◆ What you should do:
Copy out exactly, from the entries that follow, the line holding "How to choose the right surface", the line holding "Mazda CX-5 2.0", and all lines between them, but no pictures.

==== Data supplied

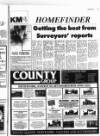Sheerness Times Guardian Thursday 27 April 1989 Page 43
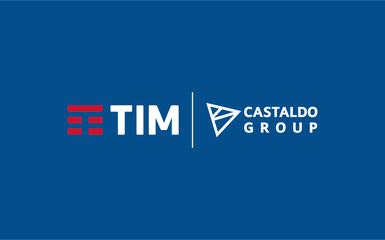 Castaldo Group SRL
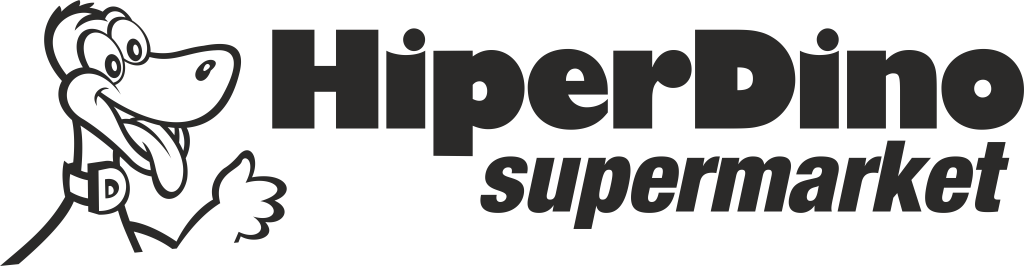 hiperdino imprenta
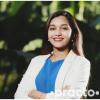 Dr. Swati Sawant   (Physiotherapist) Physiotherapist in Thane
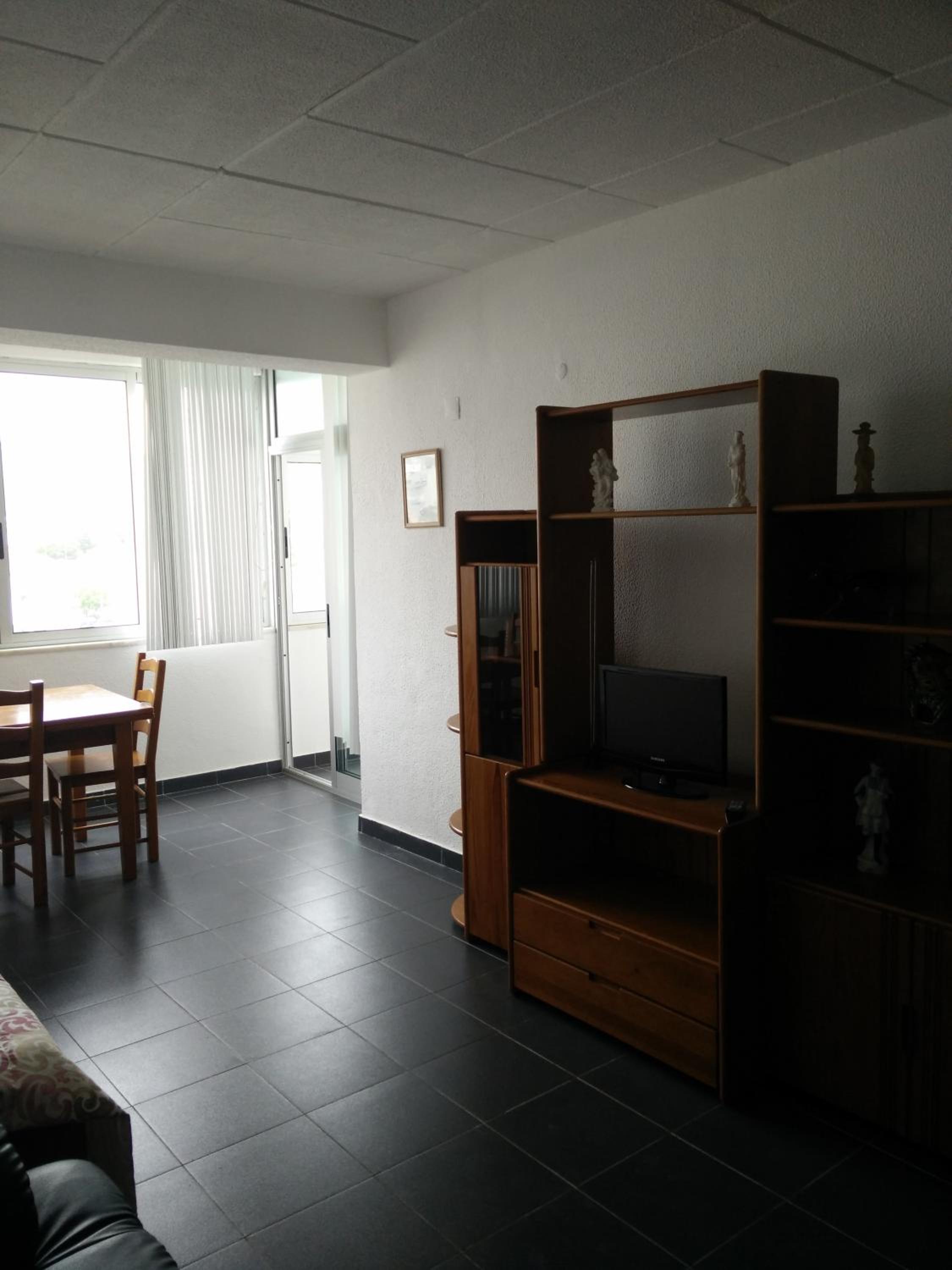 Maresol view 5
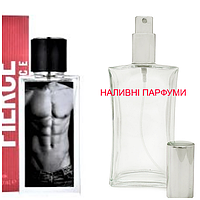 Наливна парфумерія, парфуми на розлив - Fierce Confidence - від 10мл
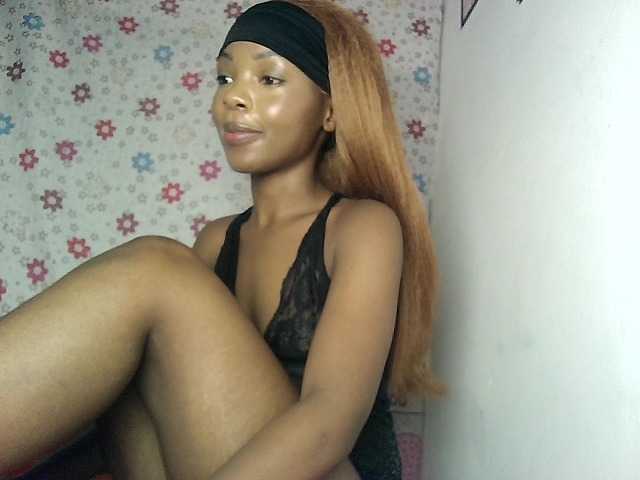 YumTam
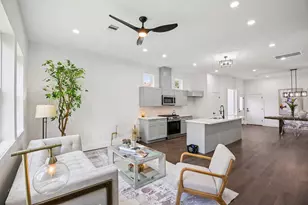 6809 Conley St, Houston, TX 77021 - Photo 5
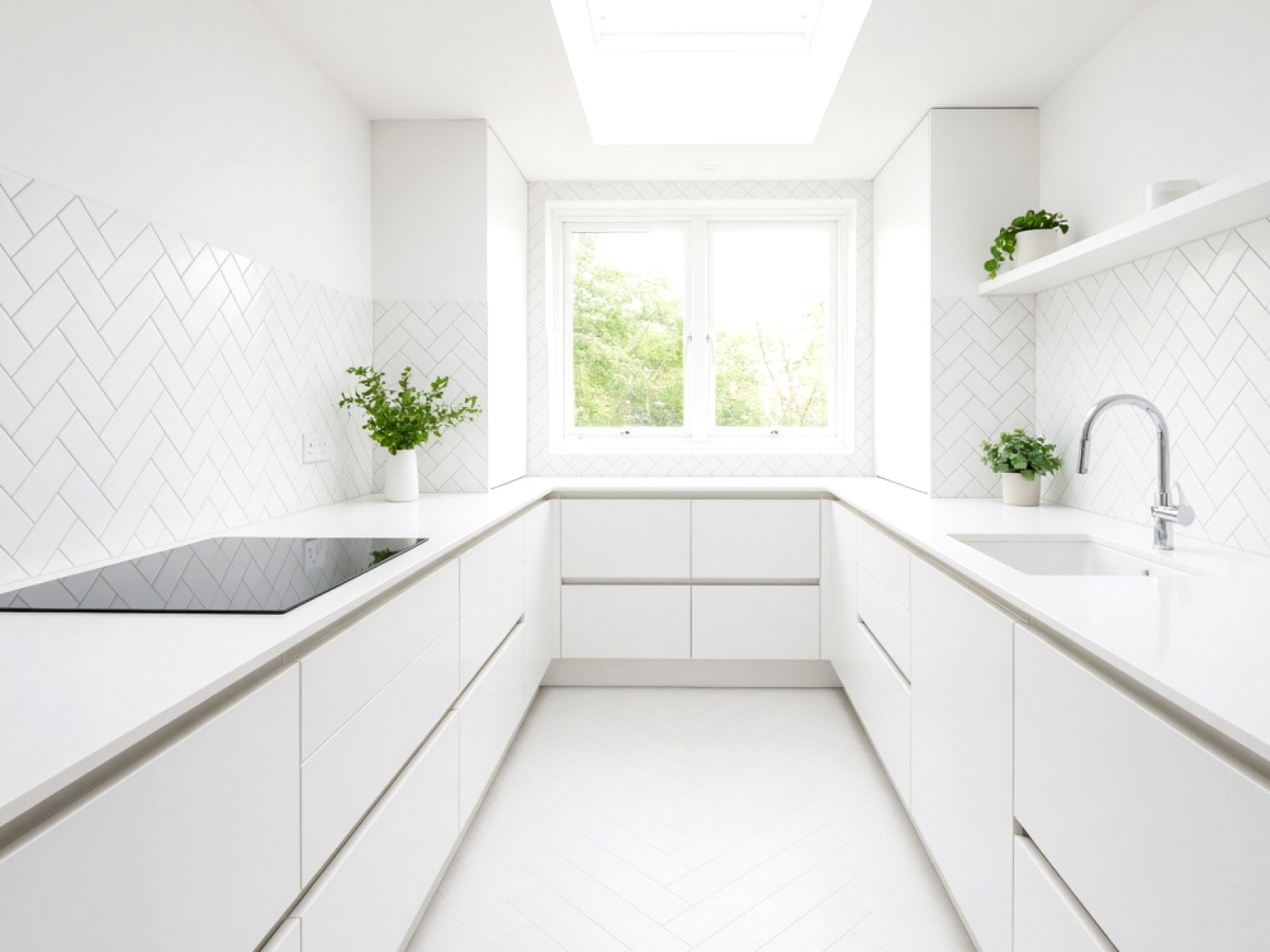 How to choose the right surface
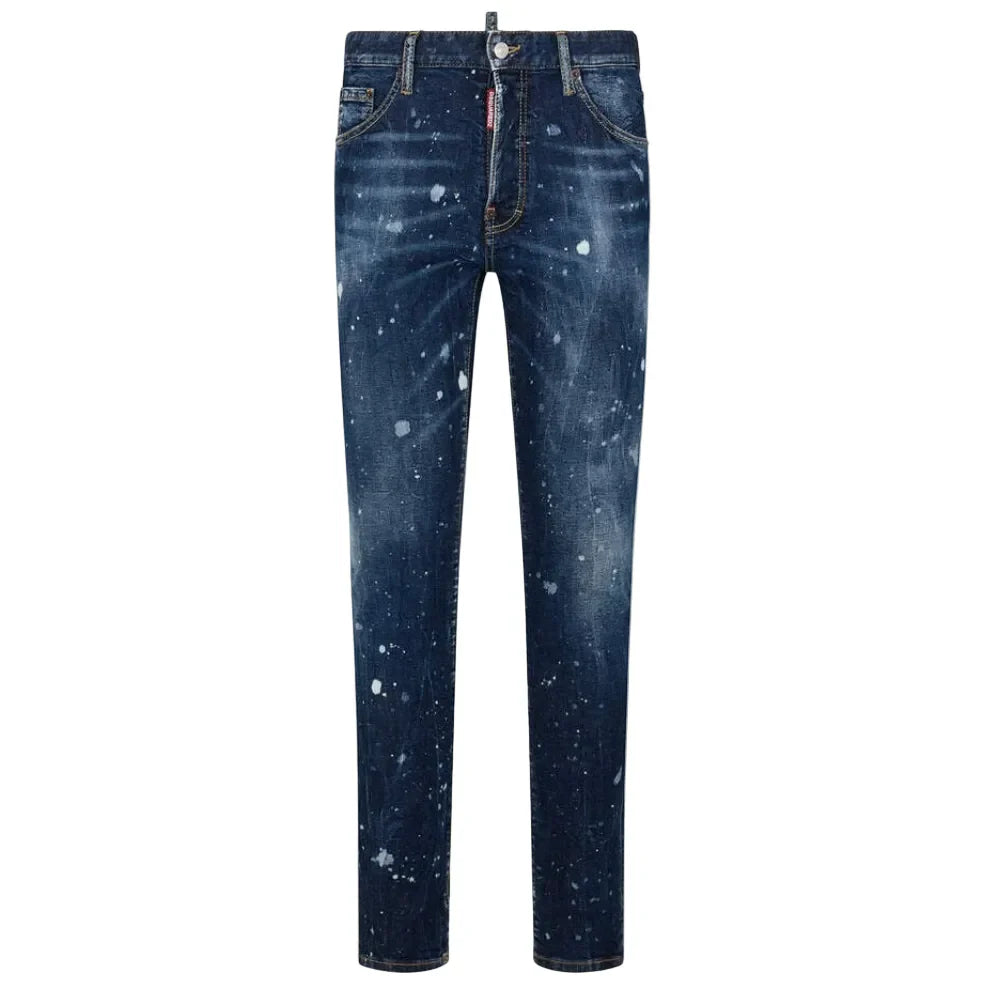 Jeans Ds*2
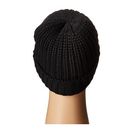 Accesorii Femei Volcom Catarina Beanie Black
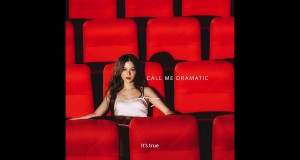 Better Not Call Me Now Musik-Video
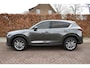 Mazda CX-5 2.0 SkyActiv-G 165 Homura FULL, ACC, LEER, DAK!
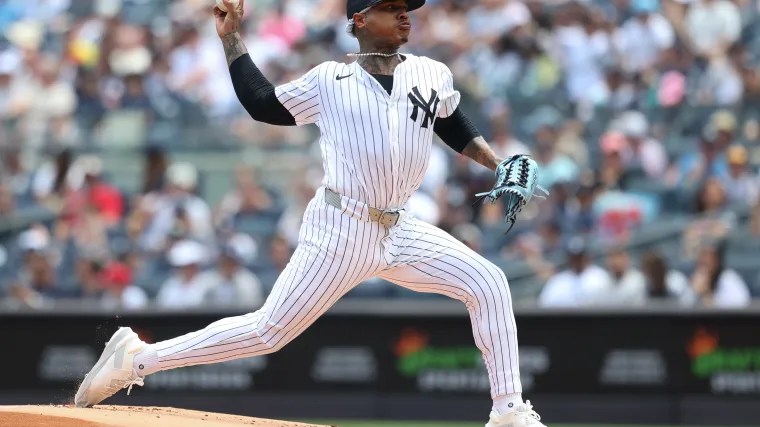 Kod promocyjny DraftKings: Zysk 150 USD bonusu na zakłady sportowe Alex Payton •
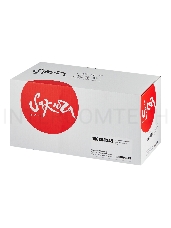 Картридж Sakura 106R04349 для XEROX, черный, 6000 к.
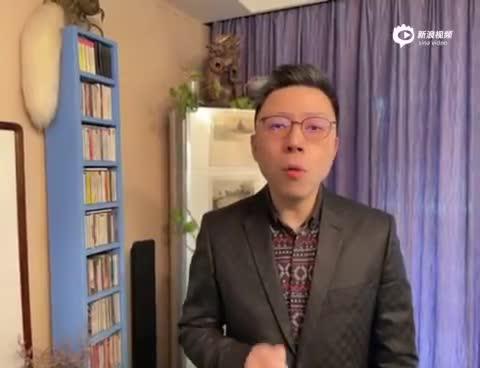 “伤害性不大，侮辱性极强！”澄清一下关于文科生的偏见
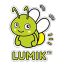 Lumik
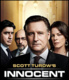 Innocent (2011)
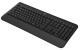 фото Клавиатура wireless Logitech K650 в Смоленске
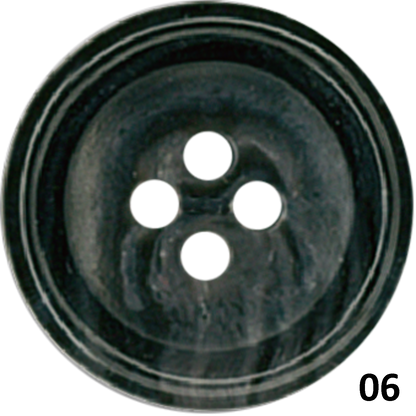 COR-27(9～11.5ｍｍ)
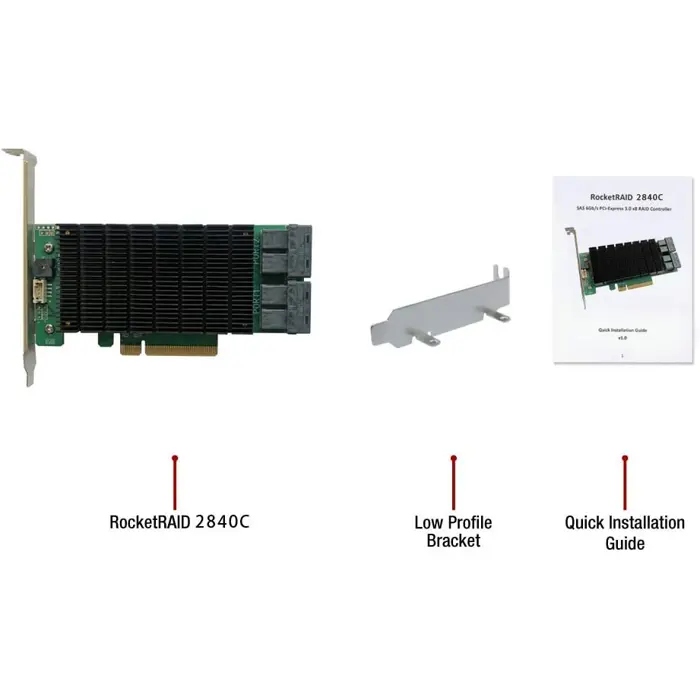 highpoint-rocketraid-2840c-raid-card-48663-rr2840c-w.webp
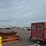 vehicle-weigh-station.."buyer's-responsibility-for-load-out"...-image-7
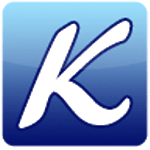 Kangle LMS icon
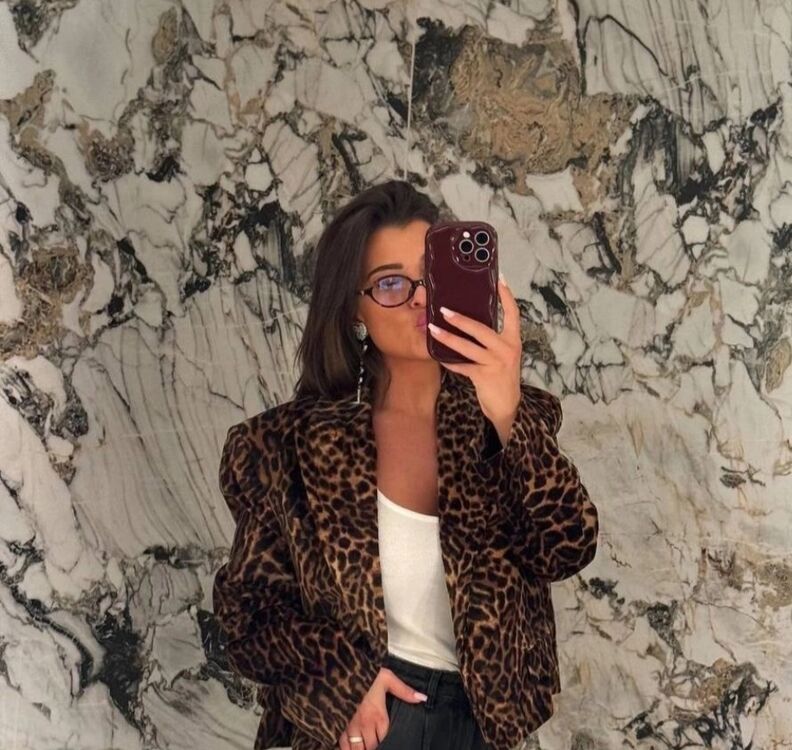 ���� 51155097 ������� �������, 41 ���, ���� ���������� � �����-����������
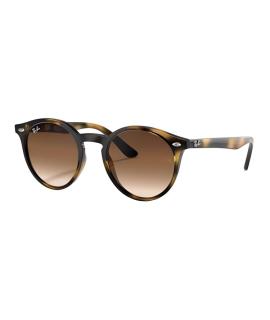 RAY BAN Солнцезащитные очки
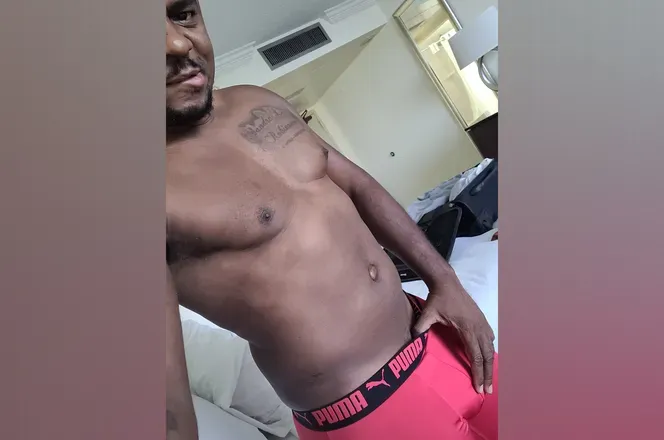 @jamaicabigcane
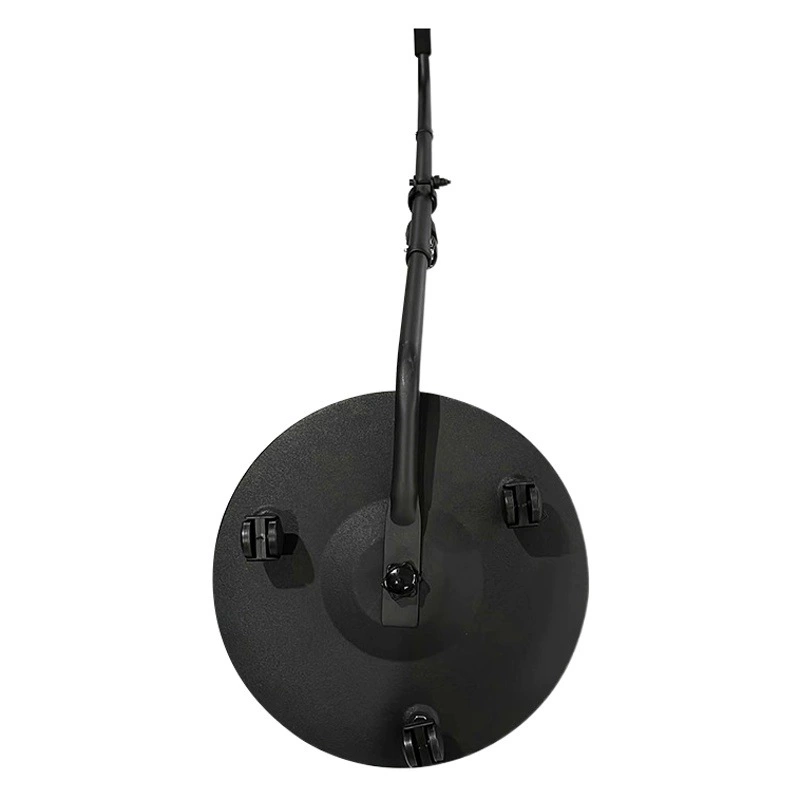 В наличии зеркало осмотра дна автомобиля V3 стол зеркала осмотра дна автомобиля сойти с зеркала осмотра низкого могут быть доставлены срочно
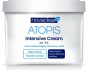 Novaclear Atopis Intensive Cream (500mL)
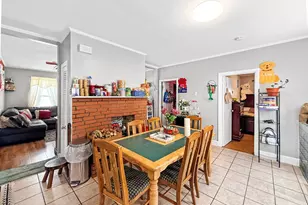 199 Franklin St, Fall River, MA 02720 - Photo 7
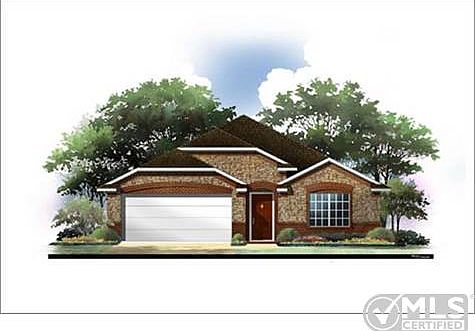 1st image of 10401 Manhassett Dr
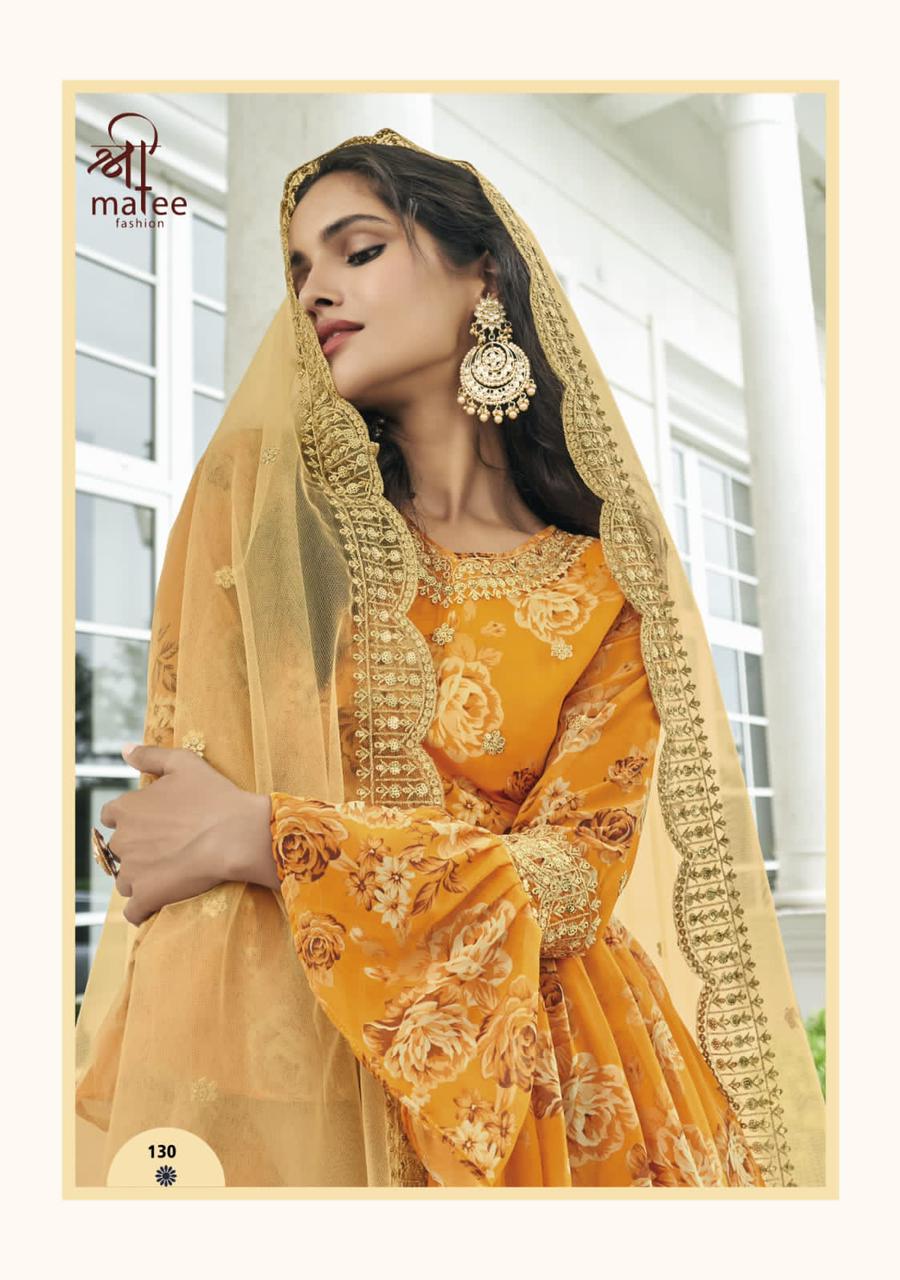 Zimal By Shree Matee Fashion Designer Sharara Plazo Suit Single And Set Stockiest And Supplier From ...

========

◆ Your response:
 How to choose the right surface
 Jeans Ds*2
 Accesorii Femei Volcom Catarina Beanie Black
 Better Not Call Me Now Musik-Video
 Mazda CX-5 2.0 SkyActiv-G 165 Homura FULL, ACC, LEER, DAK!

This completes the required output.